Blake's own contribution to the auction is a watercolour of Roald Dahl's character, the BFG. His 15-year working partnership with Dahl is one of the best-known in publishing.
Dahl would always refer to Blake as "Quent" and liked to poke fun at his white shoes.
"That came with the territory." Blake slips into an impression of the late author: "Here's old Quent, he's taking her out to dinner and he's wearing his plimsolls."
Blake slips his legs out from under the table and shows off his dazzling footwear. "I don't walk very well, they make me feel more fleet of foot, but they're not plimsolls!"
Punch debut
Quentin Blake worked with Roald Dahl for 15 years
Quentin Blake was born in 1932 and went to grammar school before studying English at Cambridge. His first drawings were published in Punch when he was 16.
After National Service he did a postgraduate teaching diploma at the University of London.
His first children's book was John Yeoman's A Drink of Water in 1960. As well as his famous collaborations he also writes and illustrates his own books, creating such characters as Mrs Armitage and Mister Magnolia.
For many years Blake taught at the Royal College of Art (he was head of illustration from 1978-86). He became the inaugural children's laureate in 1999 and was made a CBE in 2005.
After such a long career, is he taking any time out from illustration?
"I draw every day - unless I'm being interviewed," says Blake. "What is nice is to have different kinds of things to do."
He mentions his recent work in hospitals and mental health units. "It's a different kind of brief, a different kind of audience. A lot of the pictures I do in hospitals are to cheer up gaunt surroundings.
"I'm just doing a maternity hospital in France. So I've got the full range of ages. These pictures are going to appear in the delivery rooms - so for some of these poor children it will be the first thing they see!"
I remark that a great deal of Blake's illustrated characters - like Matilda and Mrs Armitage - seem to have an ever-present smile.
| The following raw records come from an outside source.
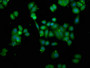 Immunofluorescence staining of PC-3 cells with CAC13458 at 1:166, counter-stained with DAPI. The cells were fixed in 4% formaldehyde, permeabilized using 0.2% Triton X-100 and blocked in 10% normal Goat Serum. The cells were then incubated with the antibody overnight at 4°C. The secondary antibody was Alexa Fluor 488-congugated AffiniPure Goat Anti-Rabbit IgG(H+L). Immunofluorescence staining of PC-3 cells with CAC13458 at 1:166, counter-stained with DAPI. The cells were fixed in 4% formaldehyde, permeabilized using 0.2% Triton X-100 and blocked in 10% normal Goat Serum. The cells were then incubated with the antibody overnight at 4°C. The secondary antibody was Alexa Fluor 488-congugated AffiniPure Goat Anti-Rabbit IgG(H+L).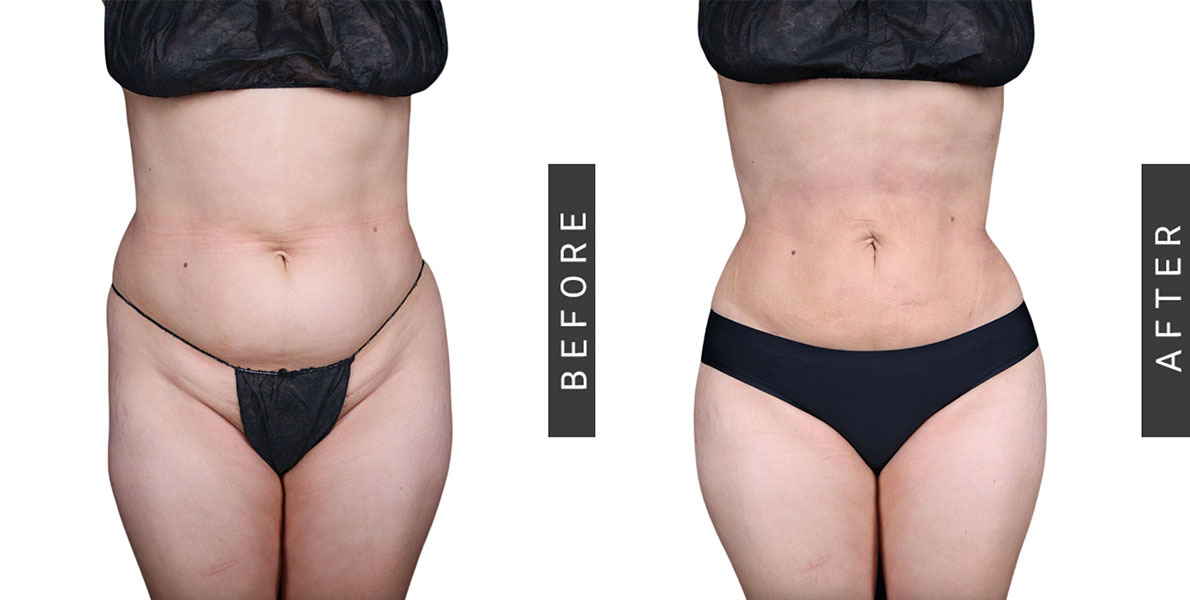 Lipo 360 and BBL Before and After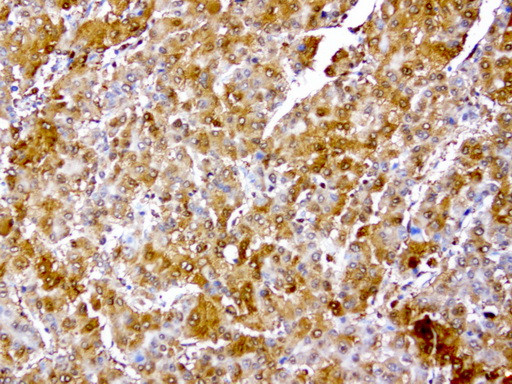 TYMP Antibody in Immunohistochemistry (Paraffin) (IHC (P))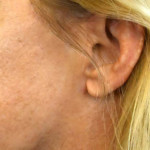 facelift scar in front of the ear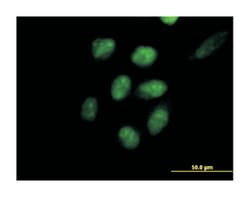 embryonic ectoderm development, Mouse, Purified MaxPab Polyclonal Antibody, Abnova 50 &mu;g | Buy Online | Abnova Corporation | Fisher Scientific
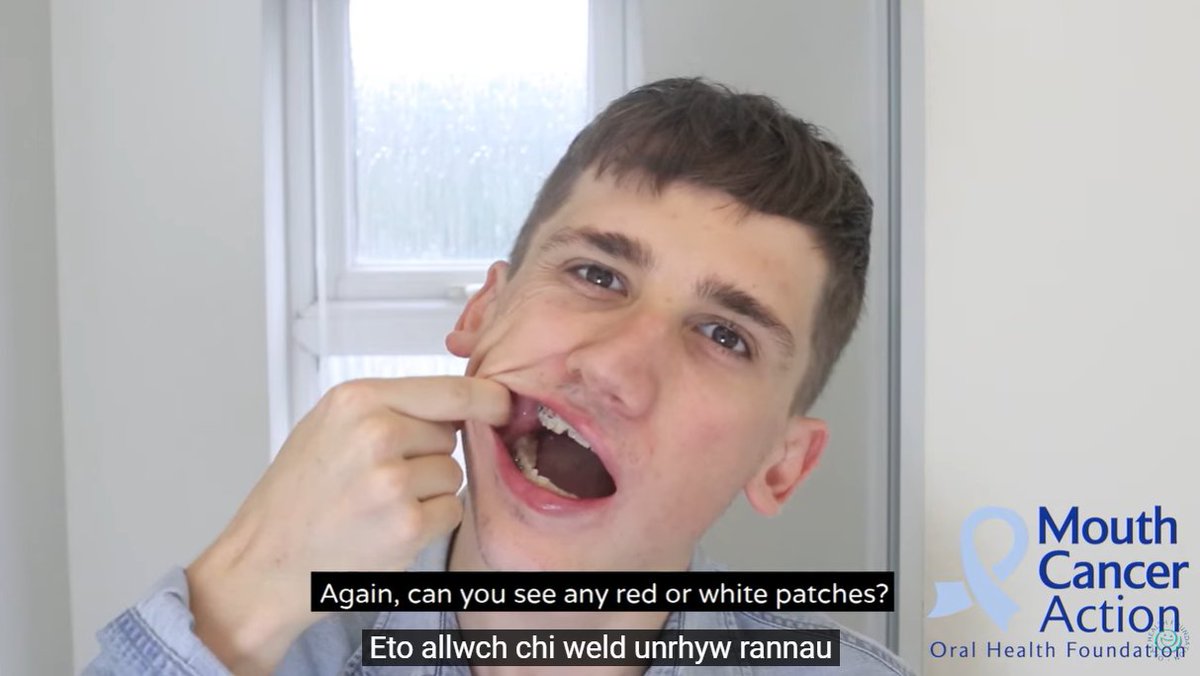 mouthcancerorg's tweet photo. 🏴󠁧󠁢󠁷󠁬󠁳󠁿We're really pleased to be able to offer Welsh subtitles on our mouth cancer home check video, thanks to a kind volunteer from Public Health Wales.

Use this link to see for yourself! 

https://t.co/viJiCmp2zY https://t.co/gAZtl7STj0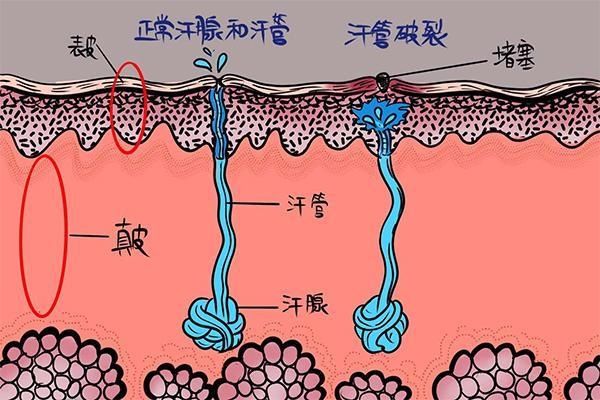 你不知道的人体小秘密——汗腺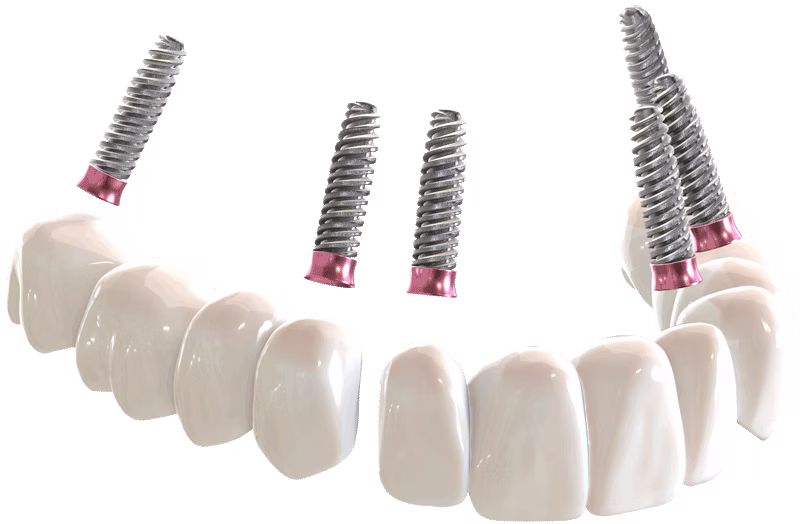 3on6_upper_TR_webI (1) 3 on 6 dental implants las vegas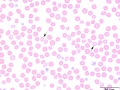 Hypochromic subpopulation (dog)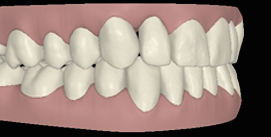 Nach Unterkiefer Chirurgie digitale rechte Ansicht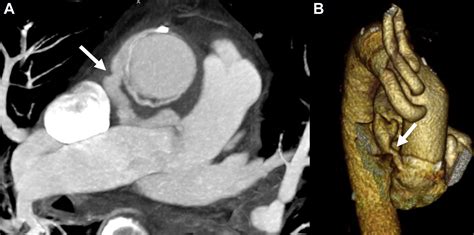 Pseudoaneurysm With An Aortopulmonary Fistula That Appeared Years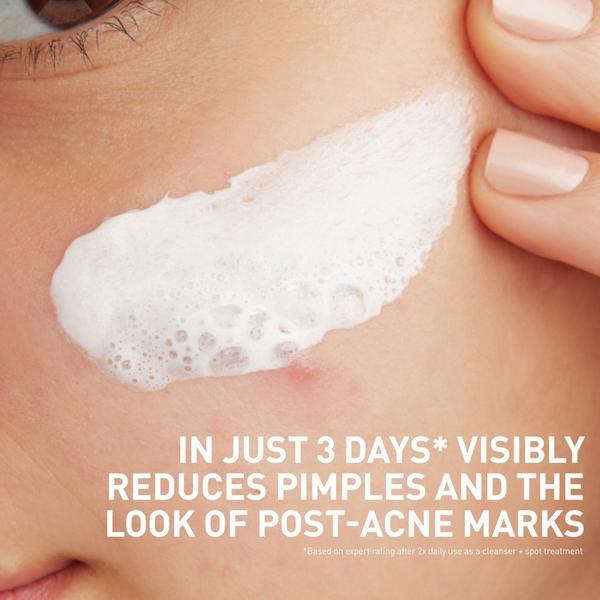 CeraVe Acne Clay-to-Foam Facial Cleanser #7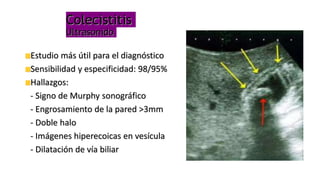 Colecistitis
Ultrasonido
Estudio más útil para el diagnóstico
Sensibilidad y especificidad: 98/95%
Hallazgos:
- Signo de Murphy sonográfico
- Engrosamiento de la pared >3mm
- Doble halo
- Imágenes hiperecoicas en vesícula
- Dilatación de vía biliar
 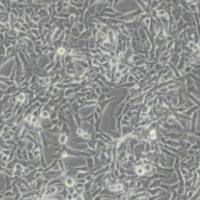 RD人恶性胚胎横纹肌瘤细胞(带STR鉴定)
"There are a lot of smiles about, it's true. People have come up and said thank you for your work - and joy is the word they've used, but I've also been reproached for it, for being too cheerful.
"But if you add a a smile, it doesn't make it necessarily joyful."
He refers to the doodles he does while on the telephone.
"They are strange-looking monsters indeed - a lot of them are creatures of the desert: birds and animals hitherto unknown. They've all got problems of their own.
"They haven't all got smiles."
The 28 drawings in the House of Illustration auction are on sale as part of Sotheby's winter sale of English Literature, History, Children's Books and Illustrations on 16 December.